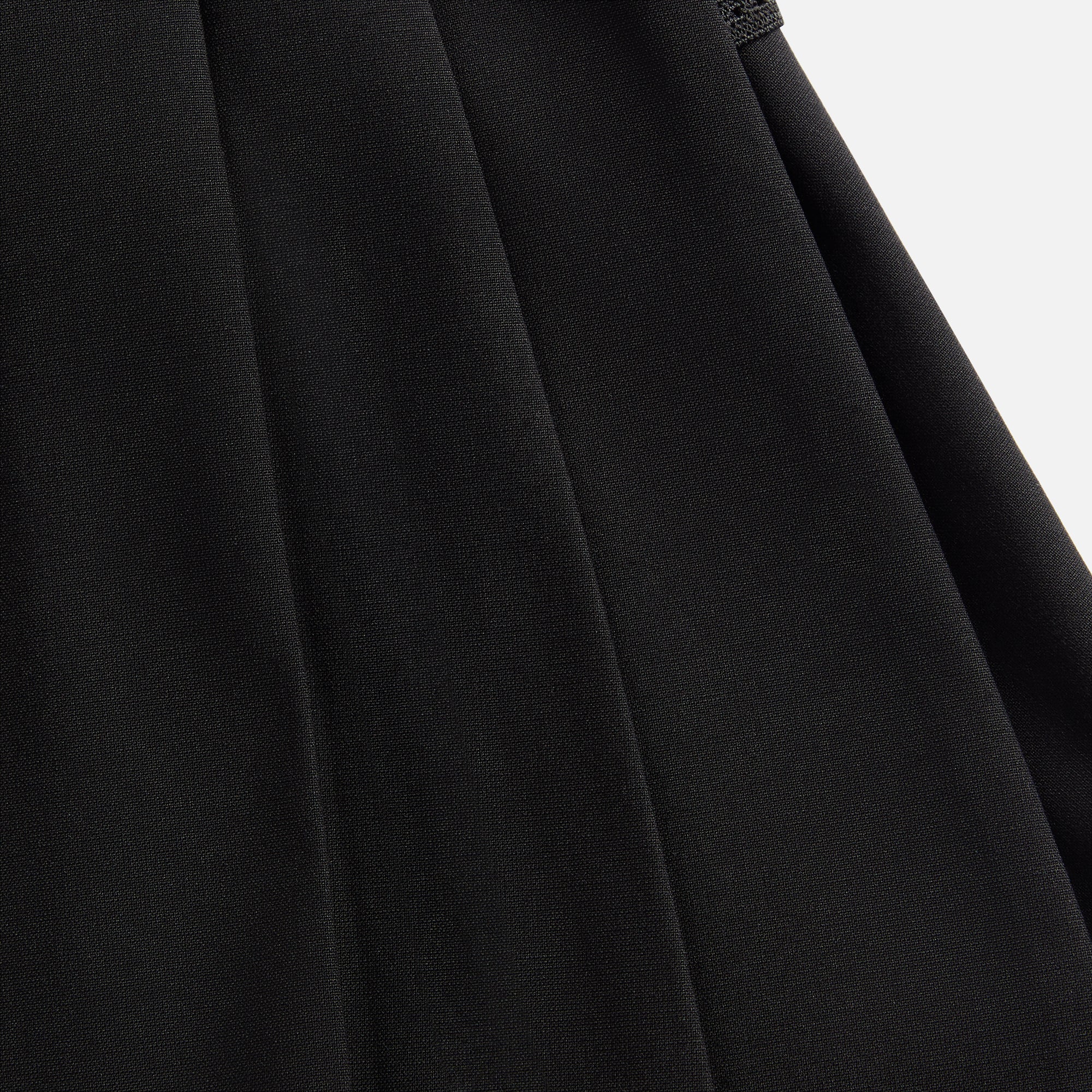 Hyein Seo Pleated Wrap Skirt - Black – Kith Europe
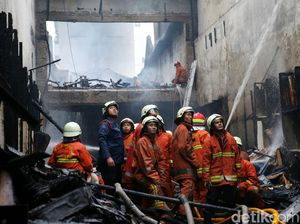Perjuangan Petugas Damkar Padamkan Api di Pasar Baru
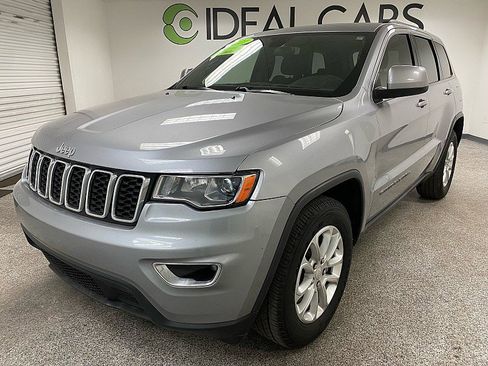 Used 2021 Jeep Grand Cherokee Laredo image 1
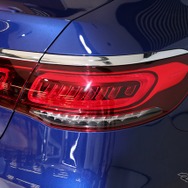 メルセデスベンツ GLCクーペ 改良新型（GLC 300 4MATIC Coupe ブリリアントブルー）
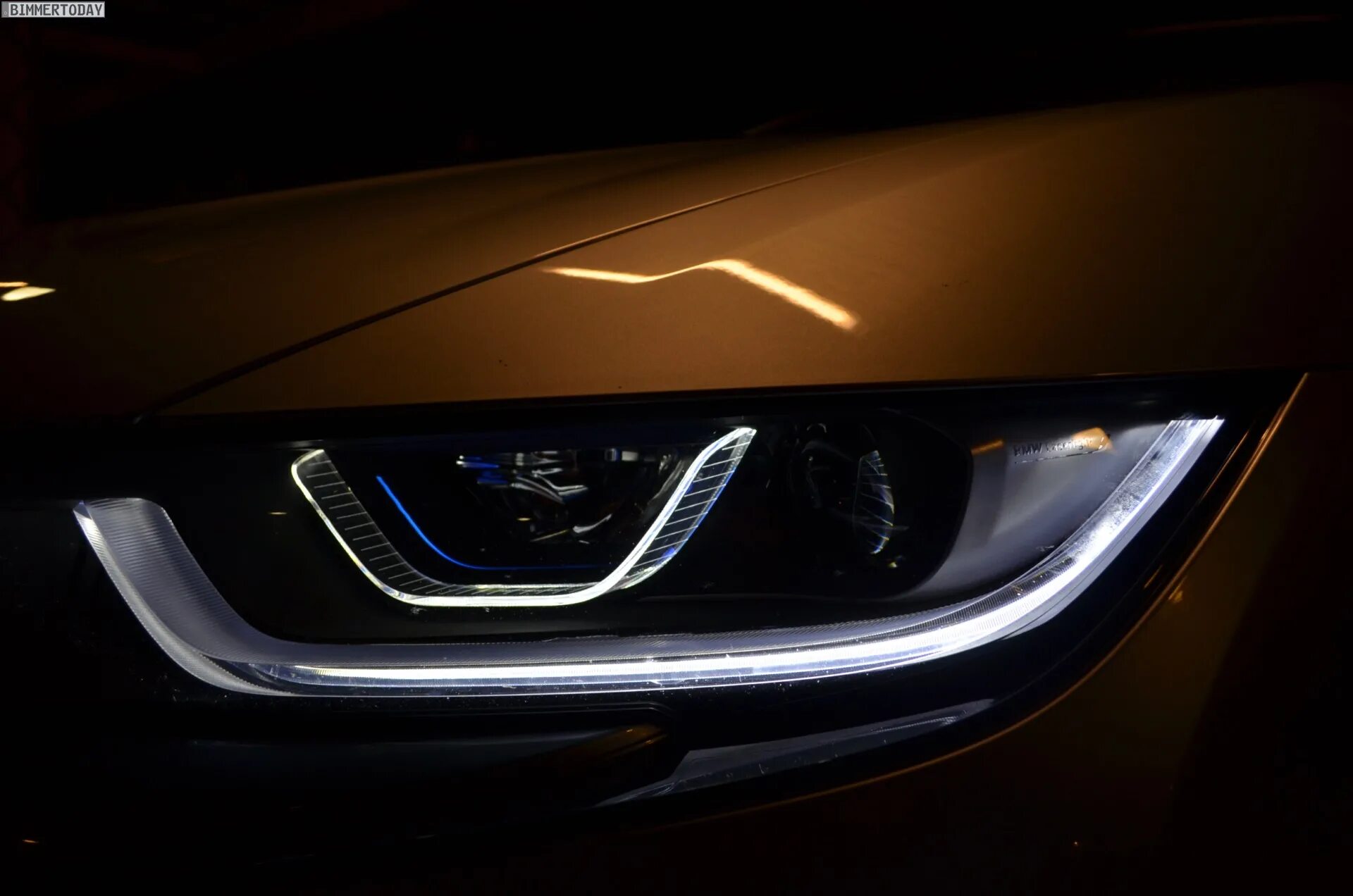 Лазерные фары bmw. Лазерные фары 1900м. Led фары Рено талисман. Лазерные фары излучение.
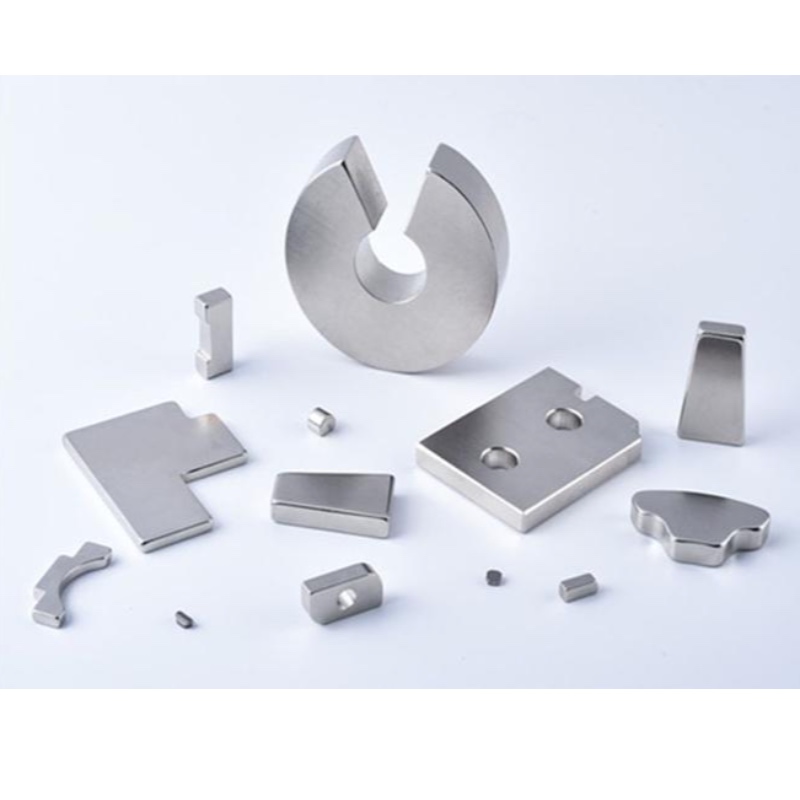 Tilpasset magnet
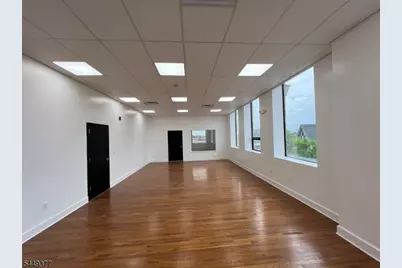 407 39th St, Union City, NJ 07087 - Photo 3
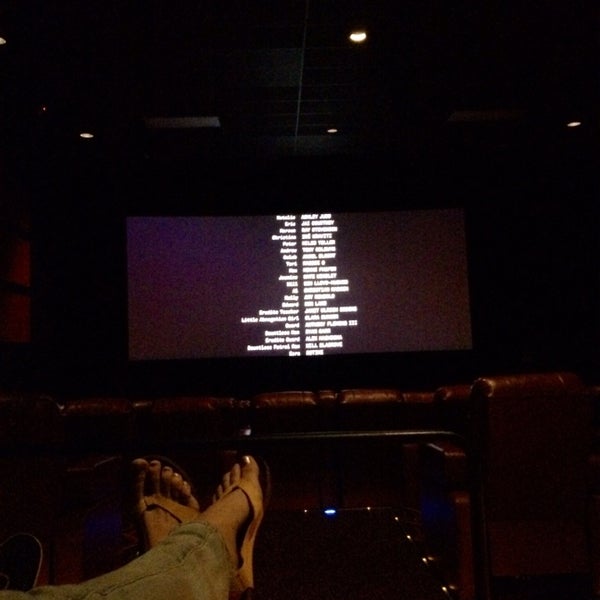 AMC Montebello 10 18 tips from 1792 visitors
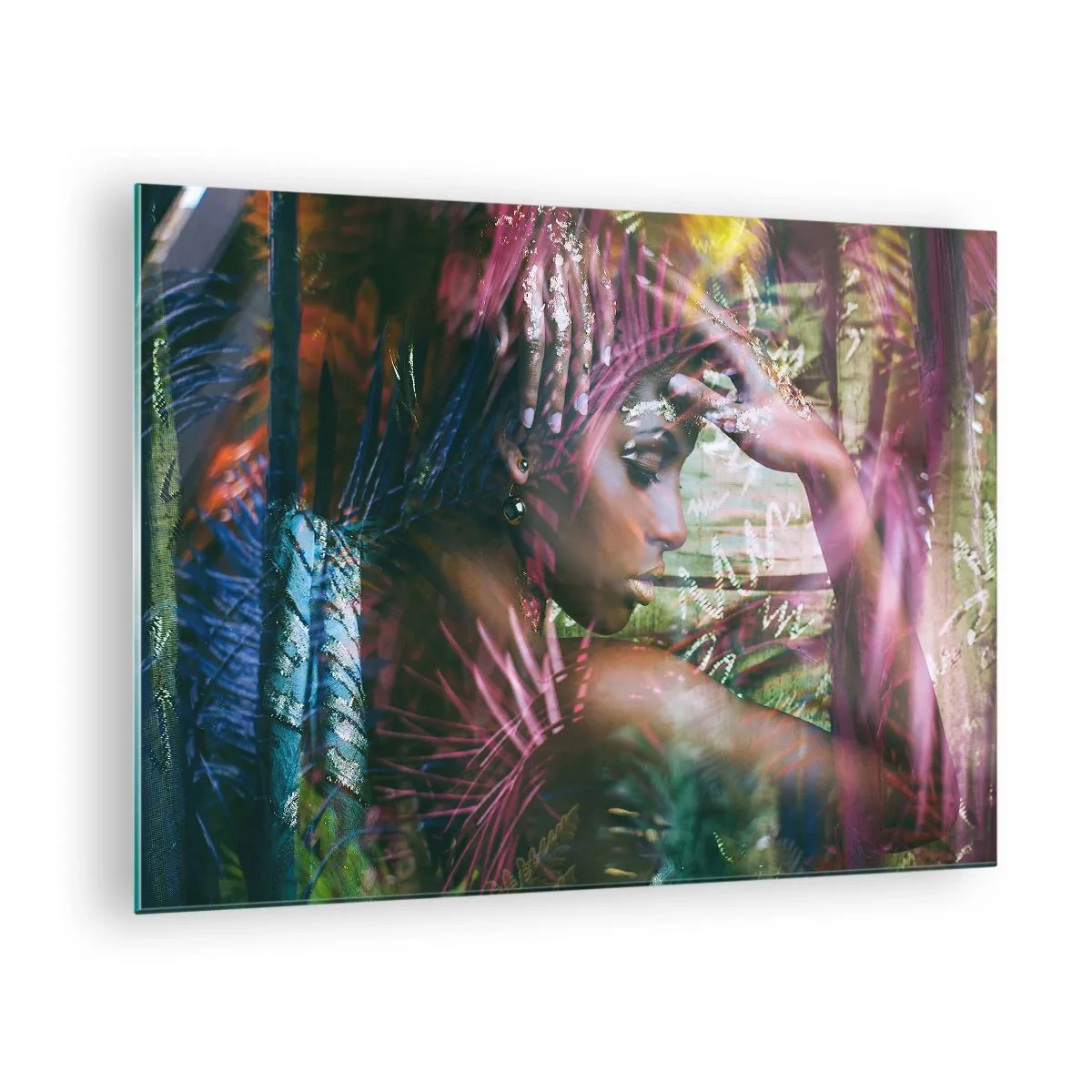 Üveg kép - Egy női portré trópusi levelek és a fény tükröződései között. - 70x50cm - Anyatermészet a dzsungelben - Modern fali dekoráció nappalihoz és hálószobához ARTTOR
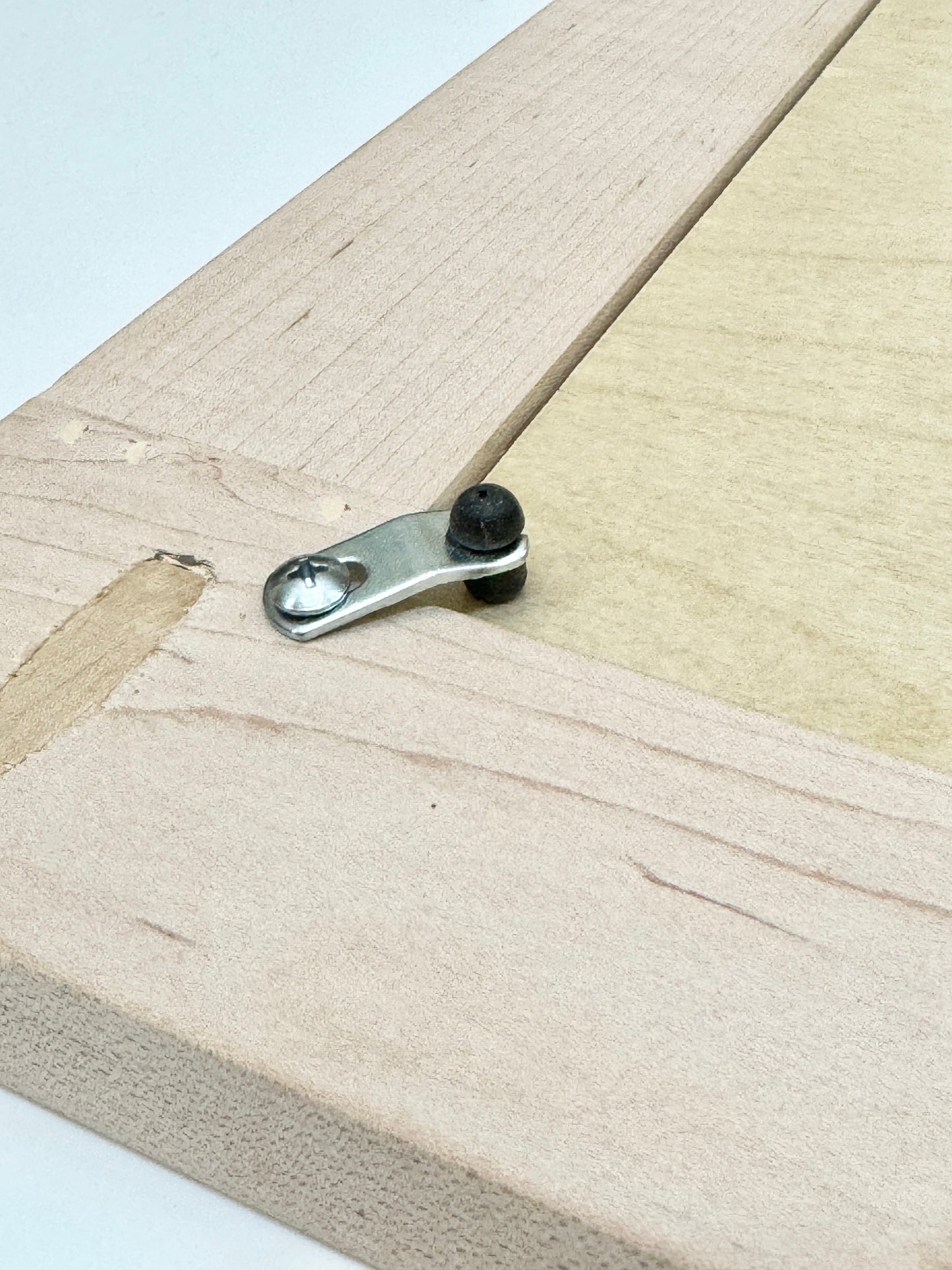 Cabinet Metal, Glass Insert Retainer Clip- Type 2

#### What is required:
Make a word-for-word copy of the records above, excluding all pictures.

#### Reply to the task:
 Hyein Seo Pleated Wrap Skirt - Black – Kith Europe
Perjuangan Petugas Damkar Padamkan Api di Pasar Baru
 Used 2021 Jeep Grand Cherokee Laredo image 1
 メルセデスベンツ GLCクーペ 改良新型（GLC 300 4MATIC Coupe ブリリアントブルー）
 Лазерные фары bmw. Лазерные фары 1900м. Led фары Рено талисман. Лазерные фары излучение.
 Tilpasset magnet
 407 39th St, Union City, NJ 07087 - Photo 3
 AMC Montebello 10 18 tips from 1792 visitors
 Üveg kép - Egy női portré trópusi levelek és a fény tükröződései között. - 70x50cm - Anyatermészet a dzsungelben - Modern fali dekoráció nappalihoz és hálószobához ARTTOR
 Cabinet Metal, Glass Insert Retainer Clip- Type 2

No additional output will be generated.